Родоначальник Воронцовых-Вельяминовых, Протасий, по родословным книгам был тысяцким при Иване Калите, но при том же князе позже сделался тысяцким Алексей Петрович Хвост, попавший в опалу при Симеоне Гордом. Поэтому уже в договорной грамоте Симеона Гордого с братьями отмечается, что Алексей Петрович "…вшел в коромолу к великому князю". Младшие братья, Иван и Андрей, обещают не принимать крамольника и его детей "…и не надеятись вы его к собе до Олексеева живота". Этого Алексея Петровича отождествляют с боярином Алексеем Босоволковым, ездившим в 1347 г. в Тверь за невестой Симеона Гордого, впоследствии его третьей женой Марией. Это предположение находит полную опору в одном, правда, позднем летописном известии. По родословным книгам, отцом Алексея был Петр Босоволков, бывший у великого князя наместником московским. Позднейшие родословные выводили Босоволкова "…ис цысарские земли из Риму", но это предание – обычная выдумка родословцев, старательно выводившая русские дворянские роды из-за границы.

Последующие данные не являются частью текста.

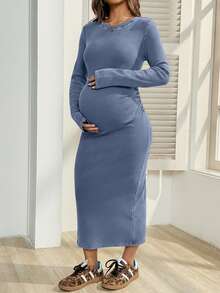 SHEIN Maternity Solid Color Round Neck Regular Shoulder Long Sleeve Fitted Ruched Dress - Blue - View 6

Тотчас же после смерти Симеона боярин Алексей Хвост занял должность московского тысяцкого. Таким образом, запрещение Ивану и Андрею принимать Алексея как будто говорит о том, что младшие братья великого князя поддерживали тысяцкого. В 1356 г. Алексей Петрович был таинственным образом убит. Это произошло как-то удивительно непонятно, сообщает современник, "…точно он был убит неведомо от кого и неведомо кем, только оказался лежащим на площади; некоторые говорили, что на него втайне совещались и составили заговор, и так от всех общей думой, как Андрей Боголюбский от Кучкович, так и этот пострадал от своей дружины". Летописец, писавший эти строки, видимо, знал больше, чем хотел сказать, но и без того сравнение Алексея Петровича с Андреем Боголюбским, а убийц – с Кучковичами очень показательно. Симпатии современников были на стороне убитого, а не его убийц.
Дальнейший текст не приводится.